I appreciated the fact that when the course introduced a technique, they gave a brief comparison to alternatives we’d already seen, along with some rules of thumb about which to use when. Knowing how something works is important, but so is knowing when to use it.

The time I found this most useful was in learning about regularization, which is a set of techniques to reduce overfitting. The motivation for regularization was clear to me, but I wasn’t familiar with the specifics. The course explained that L1 regularization, which aims to minimize the absolute values of a model’s weights, can drive some weights to zero, which helps to improve computational performance when there are a large number of features (inputs). L2 regularization, which aims to minimize the square of the weights, will tend to keep weights from getting too large. But it typically doesn’t drive them to exactly 0 because its effect on the gradient diminishes as the weights get smaller. Dropout regularization, which removes random nodes from the network at each iteration, is similar to averaging over an ensemble of smaller networks.

fast.ai Practical Deep Learning for Coders

The creators of fast.ai, which supplements the popular PyTorch library, offer their own introductory machine learning course. While I was in the middle of the course, they released an updated 2022 version. My comments here are about the earlier 2020 version, so I apologize if any of them are out of date.

For me, one key takeaway from the course was the importance of picking a good baseline to compare a ML model to. An accuracy of 75% may sound good, but if always picking the average would give an accuracy of 80%, it’s clear the ML model isn’t performing well. However, a trivial baseline isn’t always the best choice. Sometimes it’s better to use a heuristic that is much simpler than the ML model but still captures some of the underlying relationship. Ultimately, just as one would make a best effort on developing a ML model, one should make a best effort on a non-ML baseline.

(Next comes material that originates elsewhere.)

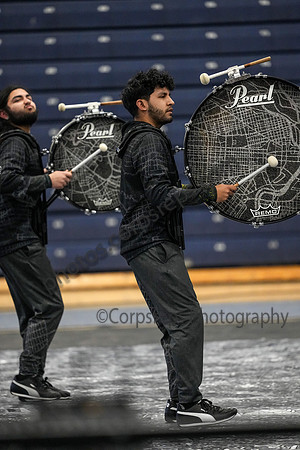 United Percussion 2_240324_Toms River Finals-03224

The course devoted one of its eight lectures entirely to ethics discussions, a substantial amount for an introductory course like this. The lecturer for that class, Rachel Thomas, shared many examples of the negative effects ML and AI can have, with some questions to keep in mind to help catch potential problems early. While there usually aren’t clear solutions to these sorts of ethical issues, at least being aware of how many ways things can go wrong reinforces the point that everyone in the field should feel responsible for thinking about and working on them.

Dr. Thomas made the explicit point to focus on ethical issues of the present that are affecting people now and not on issues that future generations may face. Six months ago, I would have whole-heartedly agreed. Why spend time on hypothetical future problems when we have concrete ones in front of us today?

However, I’ve recently changed my mind about this. Some problems may not be possible to solve once they are realized. For instance, it might be impossible to switch off a superhuman AI if it starts acting in undesirable ways. Therefore some problems need to be prevented altogether and not addressed reactively.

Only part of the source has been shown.